Several technological developments have spurred the sharing of images in unprecedented volumes. The first is the ease with which images can be captured in a digital format by cameras, cellphones and other wearable sensory devices. The second is the Internet that allows transfer of digital image content to anyone, anywhere in the world. Finally, and most recently, the sharing of digital imagery has reached new heights by the massive adoption of social network platforms. All of a sudden images came with tags, and tagging, commenting, and rating of any digital image has become a common habit. Despite this downpour of images and tags, the problem of searching and finding a particular image is still largely unsolved. It has instead dilated the problem with the demand of reliable and objective image tags.
In this work we focus on challenges in content-based image retrieval in the context of social image platforms and tagging, with a unified review on three closely linked problems in the field, i.e., image tag assignment, tag refinement, and tag-based image retrieval.

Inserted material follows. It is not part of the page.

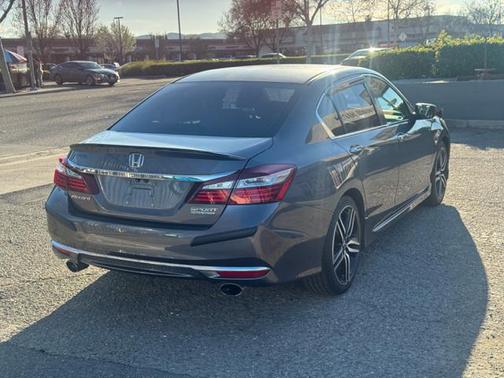 2017 Honda Accord Sport SE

Existing works in tag assignment, refinement, and retrieval vary in terms of their targeted tasks and methodology, making it non-trivial to interpret them within a unified framework. We reckon that all works rely on the key functionality of tag relevance, i.e., estimating the relevance of a specific tag with respect to the visual content of a given image. Given such a tag relevance function, one can perform tag assignment and refinement by sorting tags in light of the function, and retrieve images by sorting them accordingly. We present a taxonomy, which structures the rich literature along two dimensions, namely media and learning. The media dimension characterizes what essential information the tag relevance function exploits, while the learning dimension depicts how such information is exploited. With this taxonomy, we discuss connections and difference between the many methods, their advantages as well as limitations.

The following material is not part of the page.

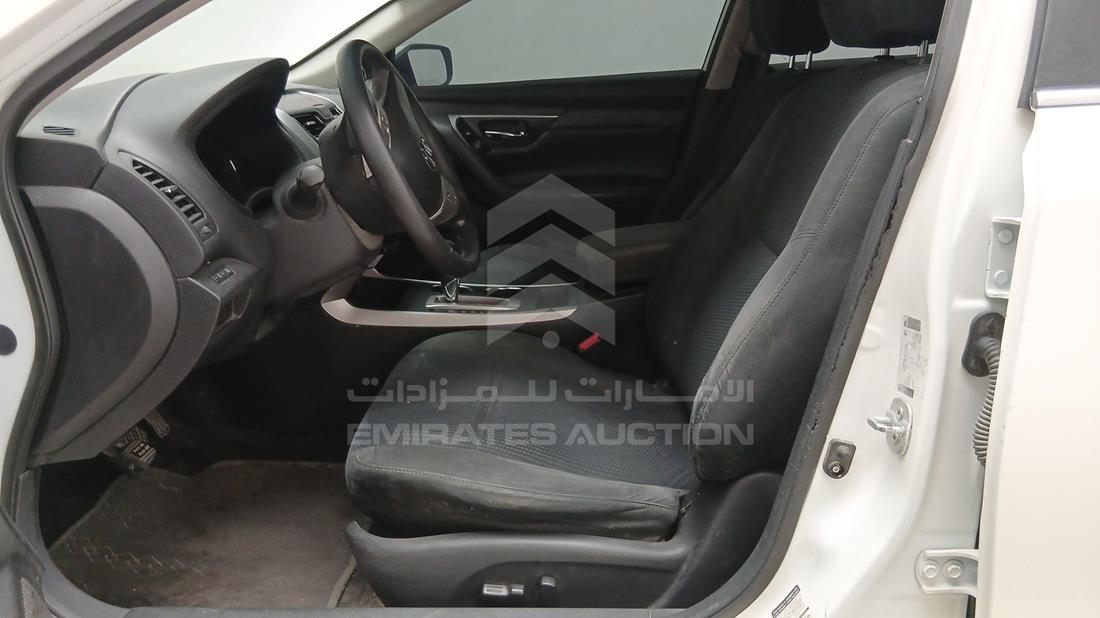 نيسان التيما 2015 — زاوية السائق الأمامية اليسرى — صورة 13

Comparative evaluation of methods and systems is imperative to appreciate progress. In spite of the growing literature in the field, there is a lack of consensus on the performance of the individual methods. This is largely due to the fact that existing works either use homemade data, which are not publicly accessible, or use selected subsets of benchmark data. Consequently we present an open-source test bed, with training sets of different sizes to evaluate methods of varied learning complexity, and three test sets contributed by various research groups. A selected set of eleven representative works, i.e., SemanticField, TagRanking, KNN, TagVote, TagProp, TagCooccur, TagCooccur+, TagFeature, RelExample, RobustPCA, TensorAnalysis, have been implemented and evaluated on the test bed for tag assignment, refinement, and/or retrieval.
We also developed a tutorial that we published in CVPR 2016 and ACM Multimedia 2015, where we also provide a practice session for hands on experience with the methods, software, and datasets. For each method a front-end pipeline is implemented, allowing users to conduct tag relevance learning from scratch, obtain tag ranks and image ranks accordingly, and report multiple performance metrics including image-centric Mean image Average Precision (MiAP), tag-centric Mean Average Precision (MAP), and Normalized Discounted Cumulative Gain (NDCG). In addition, python wrappers for C and Matlab code are given for the ease of cross-platform use.
We conclude the research with our perspective on the many challenges and opportunities ahead for the multimedia community.